I forgot where I saw that, but generally, improving things for people with disabilities improves things for everyone, like making sidewalks wheelchair friendly helps parents with a stroller, or people carrying heavy stuff, walking with a cane, young children on bicycles, people who can't see well...
>> improving things for people with disabilities improves things for everyone

Everything has its limits. Many years ago I was involved in building a series of staircases in a rock climbing area inside a park. There were about a hundred steps in a handful of orientations to get from the parking lot over a rocky hill to the small valleys behind. The project was primarily to prevent trail erosion and falls. These steps weren't going to even have handrails. (Think 2x6 framed boxes filled with dirt and bolted to the rock.) Then someone in government said if we wanted to use donated money inside a park we would have to somehow make the project wheelchair accessible. All stop. Project over. No stairs were built. Access trail remained a mess.

We were going to replicate these stairs from another climbing area in BC. There is no way to make such a thing wheelchair accessible.

https://sonnybou.ca/ssbou2001/skaha01.jpg

In the US? I assume ADA was the kicker. A lot of folks even in government don’t realize the ADA isn’t unthinking. If the activity or environment doesn’t lend itself to accessibility it’s not required. Cutting a wheel chair ramp into a mountain face is a good example where the ADA wouldn’t apply because it’s impractical given the environment to do so. Even national parks only offer a subset set of activities ADA complaint.
No, it wasn't an ADA thing. It was a purely local thing. The local authority had adopted some resolution that no further "development" would happen before they added some sort of accessibility. So we couldn't move forwards even using donated money. We could repair things but not make substantive improvements.

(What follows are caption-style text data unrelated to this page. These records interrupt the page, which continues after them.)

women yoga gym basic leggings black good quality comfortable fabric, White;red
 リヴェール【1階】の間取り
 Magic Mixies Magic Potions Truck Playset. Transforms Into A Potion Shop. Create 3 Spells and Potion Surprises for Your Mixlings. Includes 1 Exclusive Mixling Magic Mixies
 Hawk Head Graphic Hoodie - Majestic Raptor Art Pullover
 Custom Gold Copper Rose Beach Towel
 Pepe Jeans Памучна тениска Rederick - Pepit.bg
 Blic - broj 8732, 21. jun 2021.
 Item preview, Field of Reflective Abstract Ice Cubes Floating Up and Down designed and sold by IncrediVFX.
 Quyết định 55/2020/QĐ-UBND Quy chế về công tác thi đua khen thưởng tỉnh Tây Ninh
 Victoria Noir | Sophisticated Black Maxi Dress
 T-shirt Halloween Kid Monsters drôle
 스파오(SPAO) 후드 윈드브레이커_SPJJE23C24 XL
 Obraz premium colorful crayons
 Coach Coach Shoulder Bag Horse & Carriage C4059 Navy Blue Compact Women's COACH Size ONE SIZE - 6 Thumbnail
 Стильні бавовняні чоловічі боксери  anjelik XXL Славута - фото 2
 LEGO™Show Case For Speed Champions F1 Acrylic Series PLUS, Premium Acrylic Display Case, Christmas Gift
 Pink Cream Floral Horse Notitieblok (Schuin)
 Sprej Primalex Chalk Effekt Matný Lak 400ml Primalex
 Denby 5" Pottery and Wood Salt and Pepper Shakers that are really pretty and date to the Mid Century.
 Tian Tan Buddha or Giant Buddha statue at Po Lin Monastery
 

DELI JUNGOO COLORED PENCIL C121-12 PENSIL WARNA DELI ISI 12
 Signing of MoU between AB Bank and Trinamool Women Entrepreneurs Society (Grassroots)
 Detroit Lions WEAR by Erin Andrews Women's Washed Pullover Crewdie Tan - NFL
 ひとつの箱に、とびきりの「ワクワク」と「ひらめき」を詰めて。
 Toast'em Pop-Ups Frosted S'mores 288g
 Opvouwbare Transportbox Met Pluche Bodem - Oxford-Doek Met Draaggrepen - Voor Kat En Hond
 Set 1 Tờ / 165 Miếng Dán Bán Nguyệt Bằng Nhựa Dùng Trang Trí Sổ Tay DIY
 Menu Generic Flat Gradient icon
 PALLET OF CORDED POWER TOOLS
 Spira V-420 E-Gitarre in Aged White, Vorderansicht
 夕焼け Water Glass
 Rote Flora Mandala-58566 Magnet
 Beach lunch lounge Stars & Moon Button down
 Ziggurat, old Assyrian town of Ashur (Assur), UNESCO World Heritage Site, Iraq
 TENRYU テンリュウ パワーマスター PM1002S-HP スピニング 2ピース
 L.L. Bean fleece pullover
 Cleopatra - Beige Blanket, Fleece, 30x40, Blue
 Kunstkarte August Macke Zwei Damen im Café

Rock climbing areas tend to be inaccessible or at least very rough terrain. Ironically, a vertical rock surface can be made accessible. There are actually many disabled climbers out there. But with a mixed dirt/rock/scree slope you basically need to install a mile-long ramp.

I guess pointing at the cliff and saying that’s the accessible route doesn’t fly eh? It’s an inclined slope - just very inclined. And yes there are tons of disabled climbers.
We generally understand that disabled people have a right to access the spaces that everyone else does. But climbing/caving is different, different than most any other activity: Access to space is controlled by ability. I have stood on ledges that are impossible to get to without a certain set of skills. If there was a ladder or a staircase, standing on that ledge would mean nothing. We can make a pool or athletic field accessible, but making such a remote ledge half way up a sheer cliff accessible by people without those abilities isn't possible without destroying the nature of that space. So there is always going to be conflict.
Making an on-the-record decision to not provide accessibility is grounds for a lawsuit on that basis. It doesn't matter if they think they'd win that lawsuit, it's a chilling effect, and a big one.
This is not a limit of making things accessible. This is a bureaucratic/legal/funds limit. Had they told you "for accessibility, we will build an alternative route and handle the cost", would you have said "No, thanks"?

"improving things" and "mandatory requirements that, in some cases, can go against common sense" are not the same things.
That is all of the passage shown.